It is not yet 6 in the morning in Shreveport, Louisiana, when the police are alerted to an episode in progress: there are shots, there are victims. They are all children, the officers who rushed to the scene found: eight people died between the ages of one and 14. Ten people were affected in total. A massacre which, we learn shortly after, seems to have arisen from “domestic violence”. The perpetrator, a man, initially on the run, was hunted down and neutralized by the police. He died instantly and for the moment the mystery remains as to the motives of a crime as brutal as it is shocking which the city’s mayor, Tom Arceneaux, immediately describes as “a tragic situation, perhaps the worst we have ever experienced”.
The dynamics of the massacre and the escape
The details on the crime scene revealed by the police in the press conference do the rest: the fire was opened in three different places, not far from each other. Officers arriving at the scene found the lifeless bodies. Police did not identify the gunman or the victims, but said some of the children were related to the deceased man.
The shooting occurred in several areas of the city, including two homes on the same block and a third in another part of the neighborhood. It is at this point, after the man steals a car and tries to escape, that he is stopped by the police who have already been alerted with a phone call, albeit vague, reporting a domestic dispute. What we discover next is one of the most disturbing details, difficult to describe even for the authorities: a child, perhaps a minor, most likely injured, managed to escape from one of the houses stormed by the armed man and his murderous spree, running towards a nearby house. And from the latest reconstructions it cannot be ruled out that it may have been he himself, who escaped the massacre, who raised the first alarm.

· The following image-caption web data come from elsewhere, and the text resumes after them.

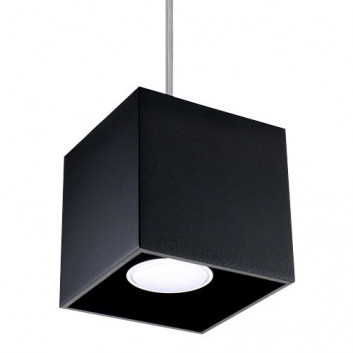 Nástenné svietidlo Sollux Ligthing Quad 1, 10cm, štvorcová, G9 1x40W, čierna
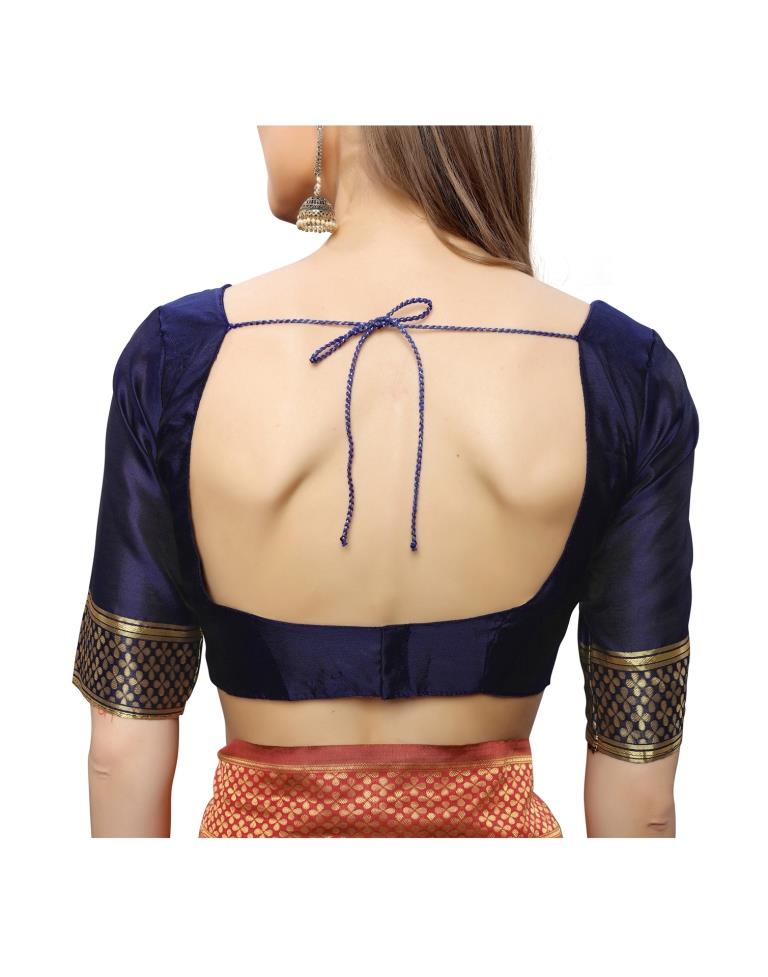 Magenta Coloured Poly Silk Banarasi Jacquard Casual saree | Sudathi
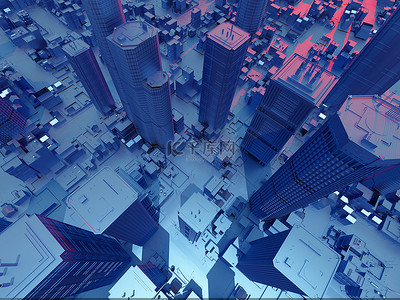 城市平面图背景图片_城市的平面图，3D渲染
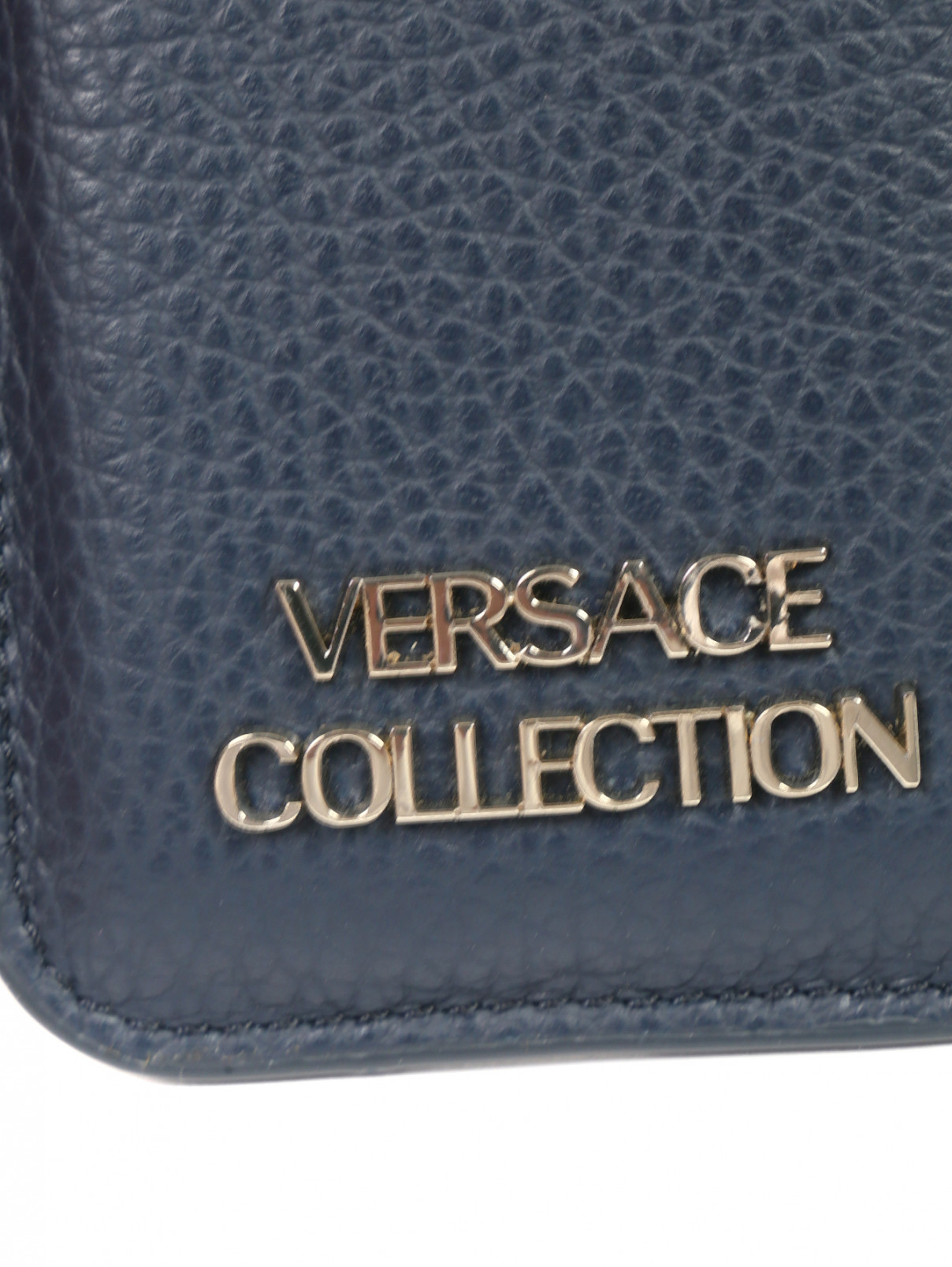 Чехол из кожи для IPhone 4 Versace Collection  –  Деталь  – Цвет:  Синий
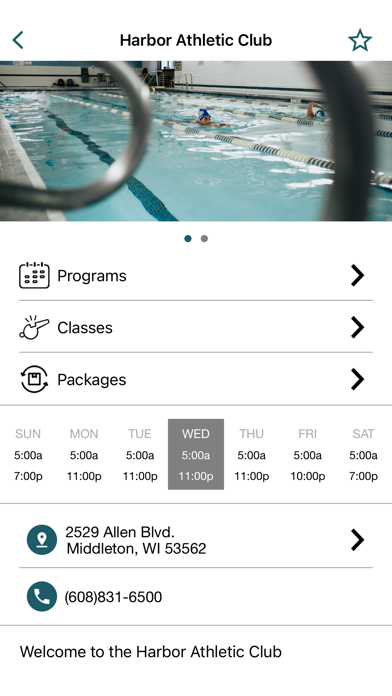 Harbor Athletic Club (HAC) Screenshot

The pain of the institutions and the community
“We have grieving families, grieving police officers and grieving medical examiner staff,” Mayor Arceneaux said. “This event affects the entire community, we join in the pain of these families.” A “tragic situation, perhaps the worst we have ever experienced in Shreveport”, he added, inviting prayers for the families of the victims and for the entire city in shock. Shreveport Police Chief, Wayne Smith, expressed his closeness to the entire community.
Investigations underway
“I can’t even imagine how something like this could happen,” said Shreveport Police Chief Wayne Smith, explaining that the investigation is being conducted in coordination with the Louisiana State Police and with the assistance of numerous other agencies. “We will work hard, for as long as it takes, to get answers about what happened,” he said.